Um mundo cheio de fantasias, de pedras e de rios ficava nos arredores das montanhas misteriosas onde tudo se escondia, quando não se revelava. Como algumas grutas, as pessoas eram repletas de secredos. Incontáveis segredos que, de vez em quando, apareciam no brilho do olhar ou em suas brincadeiras. Nada era tão distante que não podíamos tocar, nem sentir. Era um lugar onde os rastros permaneciam cravados no chão, nas árvores e no céu. Era um mito da alma.

As grutas, tão antigas, traziam desenhos das mãos do infinito. Eram eternas e passageiras ao mesmo tempo. Como as pessoas. Como os pergaminhos com rabiscos tortuosos das mãos humanas. Tudo era muito concreto e palpável, embora inescrutável e insondável. Eu gostava de estar ali e sentar-me. Que coisa bela e fascinante. A gente nem fazia de conta que era uma ilusão, o que era uma ilusão mesmo, tentar descobrir os porquês. E levávamos a vida com o que era bonito. O bonito que ficava entranhado na alma da gente. E isso era tão real que doia.

O tempo passava tão depressa e nós nem imaginávamos onde iríamos viver no dia seguinte.
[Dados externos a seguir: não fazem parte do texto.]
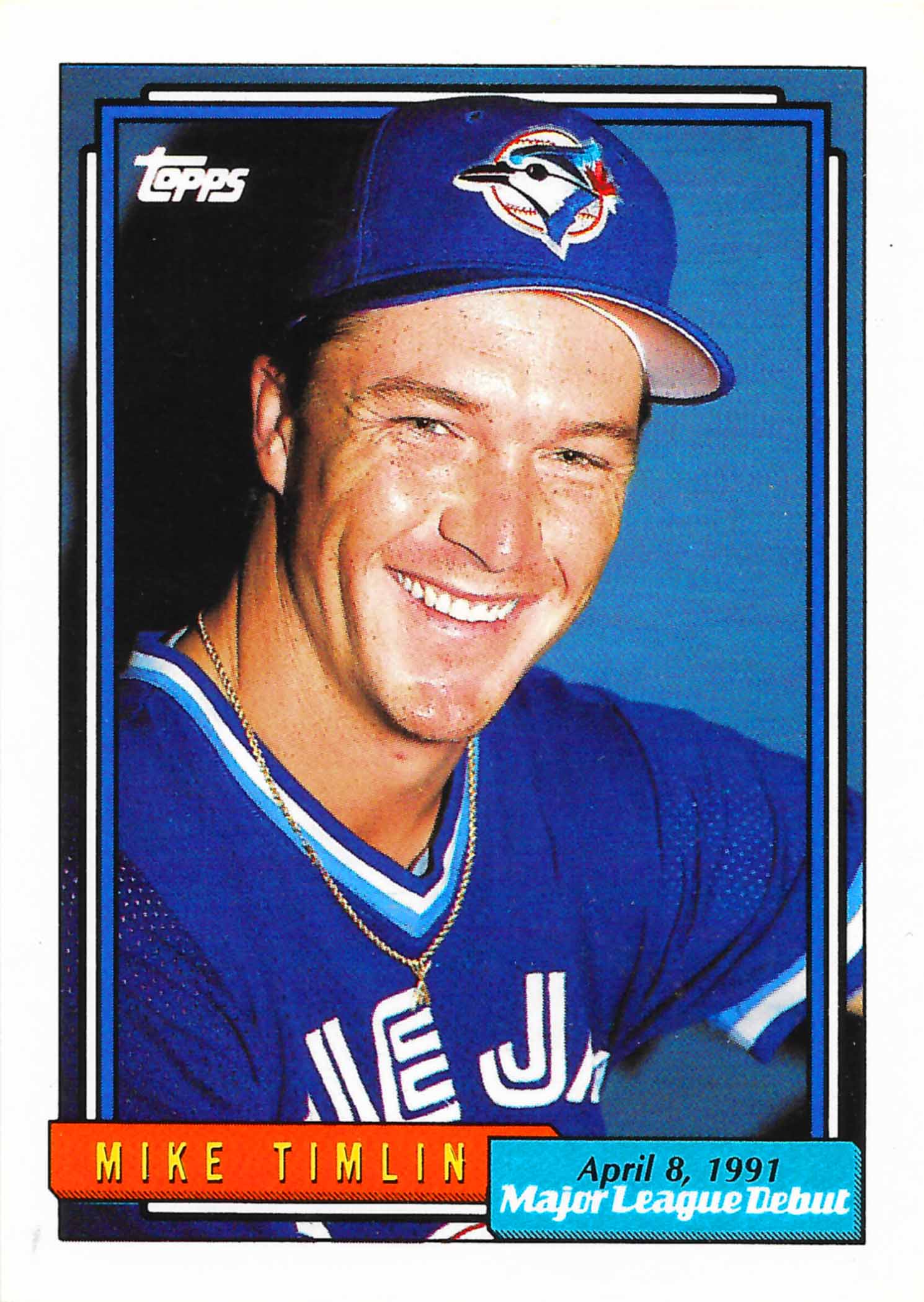 1992 Topps Debut '91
Coisa de peregrinos que nada têm para levar consigo. Embora as grutas da alma estivessem cheias de tudo o que vivíamos. Havia, é claro, o peso de sermos nós mesmos e o alívio de podermos modificar algumas coisas. O caminho nunca estava e nunca esteve pronto, não existia ainda, mas a realidade fazia suas alusões ao futuro. Havia apenas resquícios do passado que apontavam para o que viria. Pois o que viria já estava na alma. Era uma luz interna, um lampejo para o bem e para o belo.
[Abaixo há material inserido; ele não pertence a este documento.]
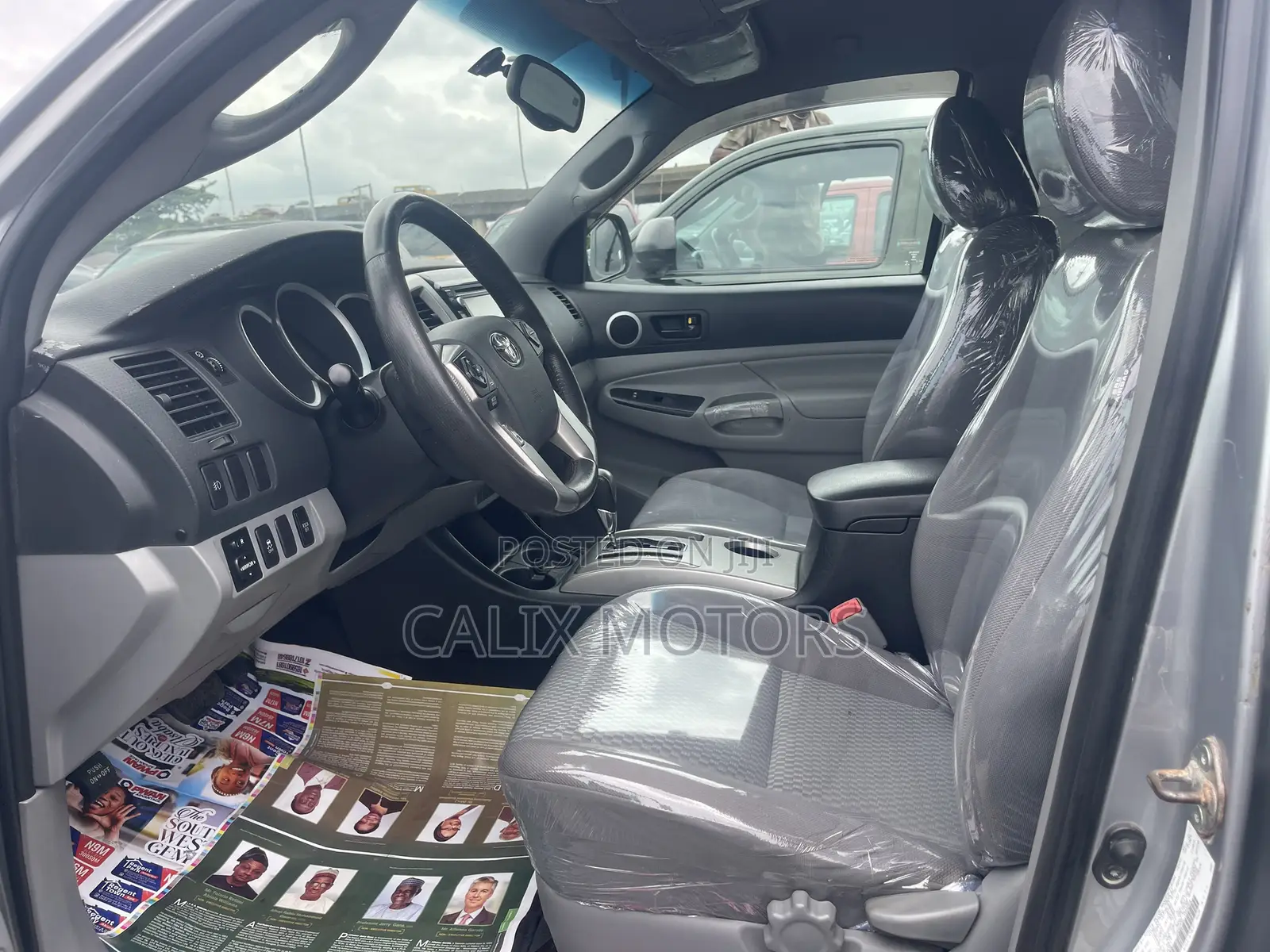 Toyota Tacoma 2014 Silver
As grutas daquelas montanhas guardavam segredos e perigos. Havia fendas que levariam para a morte. Eram esconderijos de serpentes. Sombras e escuridão. Desenhos de um outro mundo cheio de advertências e de malícias. Um símbolo das coisas do mal. Embora as grutas da alma fossem também obscuras, elas traziam a luz que dá sentido e beleza à nossa vida. Como homens, senhores do noite e do dia, ficávamos lá dentro sentados. Apenas a luz reinava. A luz sobre o mal, a escuridão e o perigo estava na alma.

Tínhamos sempre que nos abrigar quando chovia. E não existia outro lugar tão bom quanto aquelas grutas. Silêncio e sossego. Tempo de calmaria e de olhar. Olhar para qualquer lugar. Longe ou perto. Viesse o que viesse as coisas paravam de acontecer, enquanto pequenas lágrimas caiam do céu. E a alma da gente se enchia de vida, de coragem e esperança. Os trechos escuros da alma, as sombras e a escuridão, davam lugar à vida, ao outro, à Deus, e ao belo. Viver era um misto de luta e descanso. Viver era dar lugar à luz.

Assim desenhávamos nossa história e construíamos uma gruta onde todos e tudo tinha o seu lugar. Agora, onde estamos e vivemos, é belo ver os peregrinos de alma forte e valentes.